Don’t get me wrong, I think folks grasp that the units, ppm, or parts-per-million, or milligrams per kilogram just fine and understand that it’s a mass of solute per mass of solution, but the question is, “do they grasp the meaning of the magnitude of it?”. For example, folks talk about keeping the TDS below 200 ppm to make phrags happy. Where did that number come from and what does it really mean?

I feed my plants weekly at 100 ppm N (a concentration of nitrogen, not TDS), and many folks do something relatively close to that. They tend to “freak out”, however, when confronted with the fact that the true TDS of a 100 ppm N solution is many multiples of that, varying by the fertilizer formula. 100 ppm N solutions made using MSU WW, MSU RO, & K-Lite, for example, have true TDS levels of 530, 740, & 770 ppm, respectively.
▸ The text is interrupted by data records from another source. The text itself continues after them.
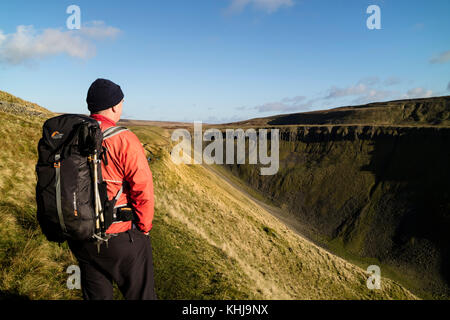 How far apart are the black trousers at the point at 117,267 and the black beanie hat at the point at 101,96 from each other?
1.87 metres

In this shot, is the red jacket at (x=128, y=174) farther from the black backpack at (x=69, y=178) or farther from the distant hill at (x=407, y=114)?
the distant hill at (x=407, y=114)

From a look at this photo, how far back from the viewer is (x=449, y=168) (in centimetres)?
7031

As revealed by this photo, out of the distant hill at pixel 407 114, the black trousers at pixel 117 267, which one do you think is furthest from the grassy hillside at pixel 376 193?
the black trousers at pixel 117 267

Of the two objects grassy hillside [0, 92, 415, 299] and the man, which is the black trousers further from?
grassy hillside [0, 92, 415, 299]

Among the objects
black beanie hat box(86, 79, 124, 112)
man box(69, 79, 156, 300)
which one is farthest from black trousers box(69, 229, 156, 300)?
black beanie hat box(86, 79, 124, 112)

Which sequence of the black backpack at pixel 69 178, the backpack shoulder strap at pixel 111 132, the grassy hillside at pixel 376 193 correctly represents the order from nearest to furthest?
the black backpack at pixel 69 178, the backpack shoulder strap at pixel 111 132, the grassy hillside at pixel 376 193

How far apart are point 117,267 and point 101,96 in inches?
95.6

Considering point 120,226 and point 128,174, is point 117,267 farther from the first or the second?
point 128,174

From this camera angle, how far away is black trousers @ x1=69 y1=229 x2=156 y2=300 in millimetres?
3326

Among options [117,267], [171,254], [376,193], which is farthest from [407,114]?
[117,267]

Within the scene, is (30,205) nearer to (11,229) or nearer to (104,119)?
(11,229)

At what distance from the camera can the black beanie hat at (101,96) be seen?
348 centimetres

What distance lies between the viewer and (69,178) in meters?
2.98

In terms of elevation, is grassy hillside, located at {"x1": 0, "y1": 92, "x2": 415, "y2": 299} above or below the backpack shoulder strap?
below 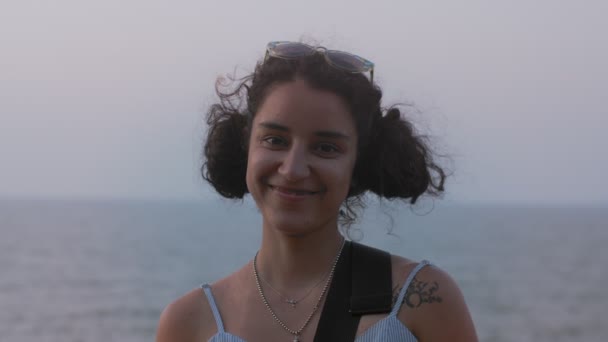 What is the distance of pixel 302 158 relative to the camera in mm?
3480

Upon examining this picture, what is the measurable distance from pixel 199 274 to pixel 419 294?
3454cm

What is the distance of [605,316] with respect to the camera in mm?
29094

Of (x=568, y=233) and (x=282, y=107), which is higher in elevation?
(x=282, y=107)

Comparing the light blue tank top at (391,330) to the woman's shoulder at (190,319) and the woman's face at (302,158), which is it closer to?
the woman's face at (302,158)

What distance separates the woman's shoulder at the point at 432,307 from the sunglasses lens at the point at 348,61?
753mm

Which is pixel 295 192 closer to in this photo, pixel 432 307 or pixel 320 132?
pixel 320 132

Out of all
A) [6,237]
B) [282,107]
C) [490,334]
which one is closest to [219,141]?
[282,107]

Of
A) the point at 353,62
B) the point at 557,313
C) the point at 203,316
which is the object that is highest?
the point at 353,62

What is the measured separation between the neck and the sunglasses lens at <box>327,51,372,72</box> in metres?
0.58

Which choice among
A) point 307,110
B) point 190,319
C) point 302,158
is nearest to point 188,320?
point 190,319

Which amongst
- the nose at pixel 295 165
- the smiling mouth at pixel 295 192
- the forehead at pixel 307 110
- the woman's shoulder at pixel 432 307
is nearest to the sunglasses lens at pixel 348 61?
the forehead at pixel 307 110

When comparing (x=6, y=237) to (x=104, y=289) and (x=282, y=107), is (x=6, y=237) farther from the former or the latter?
(x=282, y=107)

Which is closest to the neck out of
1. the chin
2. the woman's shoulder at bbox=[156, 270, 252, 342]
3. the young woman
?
the young woman

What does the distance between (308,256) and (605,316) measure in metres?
27.0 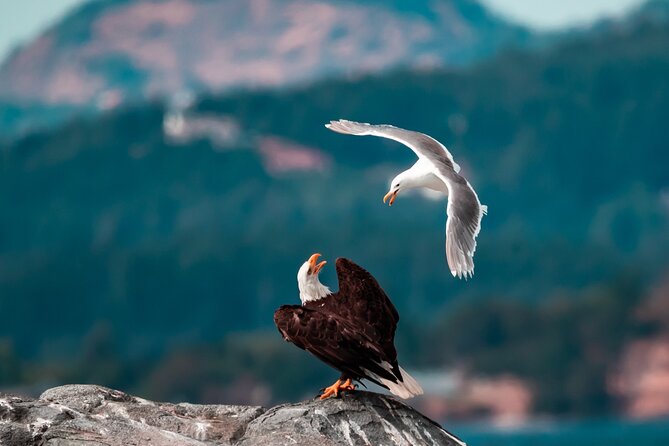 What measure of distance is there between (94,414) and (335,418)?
1798mm

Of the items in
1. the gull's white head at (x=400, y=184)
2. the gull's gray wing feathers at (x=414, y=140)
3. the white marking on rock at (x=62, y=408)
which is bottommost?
the white marking on rock at (x=62, y=408)

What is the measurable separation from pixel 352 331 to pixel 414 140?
4083 mm

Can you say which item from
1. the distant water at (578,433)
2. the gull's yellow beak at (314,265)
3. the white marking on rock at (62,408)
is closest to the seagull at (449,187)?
the gull's yellow beak at (314,265)

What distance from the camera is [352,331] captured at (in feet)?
48.9

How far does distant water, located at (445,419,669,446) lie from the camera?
109000mm

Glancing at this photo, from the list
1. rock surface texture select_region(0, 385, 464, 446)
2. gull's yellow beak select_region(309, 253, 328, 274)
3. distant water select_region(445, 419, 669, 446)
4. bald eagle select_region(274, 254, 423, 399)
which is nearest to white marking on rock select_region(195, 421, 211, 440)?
rock surface texture select_region(0, 385, 464, 446)

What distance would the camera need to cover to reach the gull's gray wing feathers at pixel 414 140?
18.1 m

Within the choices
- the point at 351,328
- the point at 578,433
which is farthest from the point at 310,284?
the point at 578,433

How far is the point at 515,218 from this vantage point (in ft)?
638

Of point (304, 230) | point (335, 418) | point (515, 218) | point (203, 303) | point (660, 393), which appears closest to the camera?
point (335, 418)

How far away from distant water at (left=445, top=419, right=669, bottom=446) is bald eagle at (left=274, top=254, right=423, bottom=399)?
295 feet

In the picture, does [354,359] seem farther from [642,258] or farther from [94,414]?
[642,258]

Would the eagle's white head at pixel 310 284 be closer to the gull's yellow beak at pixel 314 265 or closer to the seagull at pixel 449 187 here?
the gull's yellow beak at pixel 314 265

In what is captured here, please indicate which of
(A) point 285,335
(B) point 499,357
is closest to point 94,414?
(A) point 285,335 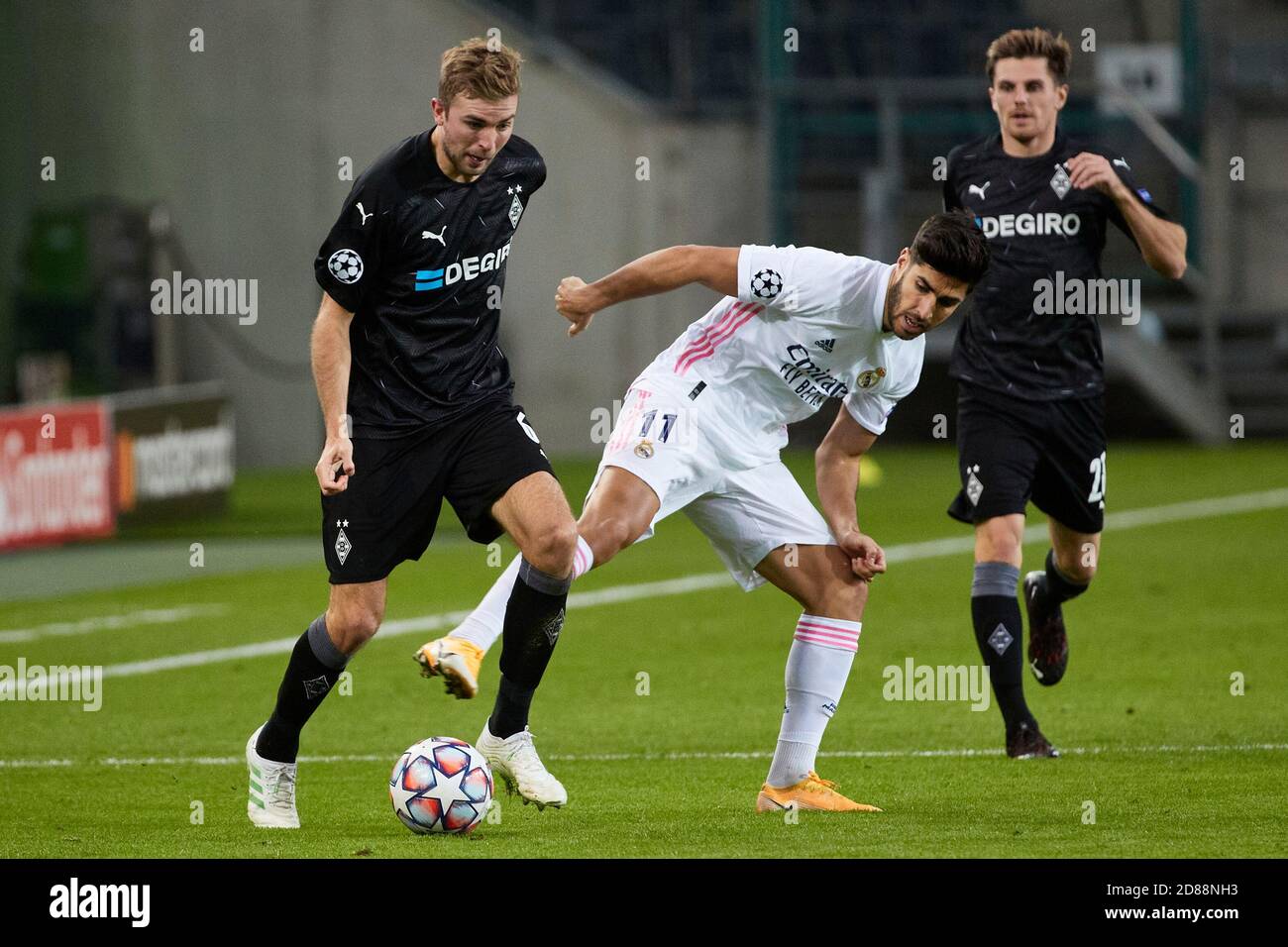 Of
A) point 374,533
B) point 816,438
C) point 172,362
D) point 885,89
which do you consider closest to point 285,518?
point 172,362

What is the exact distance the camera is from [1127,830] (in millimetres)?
5793

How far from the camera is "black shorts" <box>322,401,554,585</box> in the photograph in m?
6.14

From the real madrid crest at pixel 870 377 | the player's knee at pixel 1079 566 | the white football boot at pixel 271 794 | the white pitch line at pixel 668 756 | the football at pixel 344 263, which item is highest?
the football at pixel 344 263

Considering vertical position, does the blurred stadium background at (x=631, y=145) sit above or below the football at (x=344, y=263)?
above

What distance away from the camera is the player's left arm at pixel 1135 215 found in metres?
7.20

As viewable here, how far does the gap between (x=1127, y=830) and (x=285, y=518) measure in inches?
488

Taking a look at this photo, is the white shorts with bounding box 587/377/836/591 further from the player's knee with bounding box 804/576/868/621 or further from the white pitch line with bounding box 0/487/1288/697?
the white pitch line with bounding box 0/487/1288/697

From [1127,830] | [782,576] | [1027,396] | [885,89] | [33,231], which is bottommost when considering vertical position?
[1127,830]

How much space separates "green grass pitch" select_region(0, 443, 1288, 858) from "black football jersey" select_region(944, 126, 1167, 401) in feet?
4.29

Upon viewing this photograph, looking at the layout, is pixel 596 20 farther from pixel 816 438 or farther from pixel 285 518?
pixel 285 518

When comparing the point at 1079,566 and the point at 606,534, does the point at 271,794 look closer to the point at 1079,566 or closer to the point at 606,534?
the point at 606,534

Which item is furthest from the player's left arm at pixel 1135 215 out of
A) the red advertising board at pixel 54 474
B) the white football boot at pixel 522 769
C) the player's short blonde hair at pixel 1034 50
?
the red advertising board at pixel 54 474

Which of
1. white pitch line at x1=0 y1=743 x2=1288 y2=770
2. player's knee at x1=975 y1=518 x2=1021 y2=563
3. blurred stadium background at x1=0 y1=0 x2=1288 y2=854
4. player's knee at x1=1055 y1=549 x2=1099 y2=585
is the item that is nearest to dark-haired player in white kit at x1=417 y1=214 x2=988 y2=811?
white pitch line at x1=0 y1=743 x2=1288 y2=770

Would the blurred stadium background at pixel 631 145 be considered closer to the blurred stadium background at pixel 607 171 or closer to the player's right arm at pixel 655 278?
the blurred stadium background at pixel 607 171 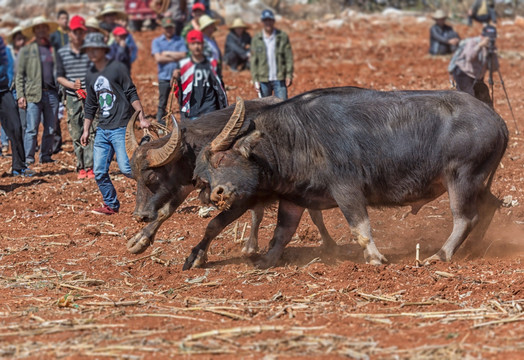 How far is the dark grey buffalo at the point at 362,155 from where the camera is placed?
8.25 meters

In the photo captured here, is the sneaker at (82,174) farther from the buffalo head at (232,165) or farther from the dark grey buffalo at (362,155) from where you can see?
the buffalo head at (232,165)

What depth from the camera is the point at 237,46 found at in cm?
2100

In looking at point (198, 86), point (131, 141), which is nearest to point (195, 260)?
point (131, 141)

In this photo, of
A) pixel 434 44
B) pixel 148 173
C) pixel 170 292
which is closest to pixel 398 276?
pixel 170 292

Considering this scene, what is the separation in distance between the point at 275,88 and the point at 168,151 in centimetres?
670

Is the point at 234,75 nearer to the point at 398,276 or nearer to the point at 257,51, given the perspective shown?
the point at 257,51

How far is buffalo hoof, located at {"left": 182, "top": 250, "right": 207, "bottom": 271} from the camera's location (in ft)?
28.4

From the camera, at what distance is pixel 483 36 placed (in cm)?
1516

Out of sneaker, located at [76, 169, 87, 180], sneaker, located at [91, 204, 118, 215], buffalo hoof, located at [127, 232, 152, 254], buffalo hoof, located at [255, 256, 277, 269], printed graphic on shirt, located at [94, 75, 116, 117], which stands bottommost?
sneaker, located at [76, 169, 87, 180]

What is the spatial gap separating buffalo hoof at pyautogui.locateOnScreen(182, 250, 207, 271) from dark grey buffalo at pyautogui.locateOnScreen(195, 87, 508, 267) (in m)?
0.74

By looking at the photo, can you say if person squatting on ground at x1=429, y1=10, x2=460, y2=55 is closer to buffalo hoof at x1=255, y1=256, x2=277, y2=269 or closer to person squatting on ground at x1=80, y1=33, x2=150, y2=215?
person squatting on ground at x1=80, y1=33, x2=150, y2=215

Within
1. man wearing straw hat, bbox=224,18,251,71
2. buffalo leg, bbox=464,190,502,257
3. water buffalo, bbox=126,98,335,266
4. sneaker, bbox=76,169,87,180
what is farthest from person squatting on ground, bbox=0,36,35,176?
man wearing straw hat, bbox=224,18,251,71

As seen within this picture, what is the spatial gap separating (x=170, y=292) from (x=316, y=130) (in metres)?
2.18

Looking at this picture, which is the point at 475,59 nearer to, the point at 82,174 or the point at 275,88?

My stance is “That’s interesting, but so what?”.

Now let’s throw in the meters themselves, as they are almost worthless.

A TDS meter does not measure the concentration of a solution. It is actually a cheap electrical conductivity (EC) meter to which a built-in “conversion factor” is applied. Some meters even offer a couple of different scales, further lulling people into thinking their measurements are meaningful. The trouble is that the EC/TDS conversion requires a different “factor” for each and every solution to be tested, and the built-in one is often done with a sodium chloride solution, which is nothing like a fertilizer solution.

The EC of a solution is a measure of the flow rate of electrical charges. That flow rate is determined by the charge on each ion (higher charge equals greater EC), the physical size of the ions (bigger ions move more slowly, so contribute less to the EC), and their concentrations, so how can a single “conversion factor” be correct for all solutions? It can’t, and it can be way off - I tested a known, 100 ppm N solution of MSU RO in distilled water using two TDS meters; one gave me a reading of 380, and the other 475, while the true reading was 770 ppm.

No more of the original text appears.